NEWS16 December 2021

Training course launched to help journalists interpret polls

Media News UK

UK – The National Council for the Training of Journalists (NCTJ) has created a free e-learning course to help journalists read, interpret and report on polling data.

computer tablet on a pile of newspapers

Participants in the course will examine common mistakes, including drawing the wrong conclusions from data, reporting polls based on small or insufficient data samples, not observing margins of error and failing to scrutinise surveys for potential bias.

The course, which has been launched in partnership with the British Polling Council and the Market Research Society (MRS), will be available on the NCTJ’s Journalism Skills Academy.

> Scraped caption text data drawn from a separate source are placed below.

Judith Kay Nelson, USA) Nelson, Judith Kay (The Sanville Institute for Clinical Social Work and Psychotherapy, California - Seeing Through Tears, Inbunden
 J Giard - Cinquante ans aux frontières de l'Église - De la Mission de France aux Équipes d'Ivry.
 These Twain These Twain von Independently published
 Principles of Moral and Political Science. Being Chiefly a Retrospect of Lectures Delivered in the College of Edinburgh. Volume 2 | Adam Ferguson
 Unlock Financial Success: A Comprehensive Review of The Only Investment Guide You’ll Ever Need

The Journalism Skills Academy, launched by the NCTJ last year and supported by the Google News Initiative, is a one-stop shop for journalists to develop their knowledge and skills.

The course has been produced in response to concerns raised by the House of Lords Select Committee on Political Polling and Digital Media about the quality of the reporting of polls in the media.

Joanne Butcher, chief executive at the NCTJ, said: “We wanted to tackle poor quality reporting on polls and surveys because of the importance to democracy and the impact it can have on individuals, groups and organisations.

“This free resource is a positive and practical step in ensuring journalists have the skills to report opinion poll data accurately and informatively to the public.”

Jane Frost, chief executive at the MRS, said: “Public trust in research and insight is a major issue at the moment and the misreporting of polls is a big part of the challenge we face to improve that. Misconceptions about polls have a serious knock-on impact on political, commercial and public confidence in our sector.

“Equally, I believe that understanding polls is an important factor in combatting fake news and, as such, I’m very pleased that MRS has launched this new course with the NCTJ and British Polling Council.”

Professor Sir John Curtice, president at the British Polling Council, said: “Polling companies do their best to provide an accurate picture of the public mood – but they are reliant on journalists to provide informed and accurate coverage of their polls.

“This course will help every journalist to make the best use of polls, while avoiding the potential pitfalls.”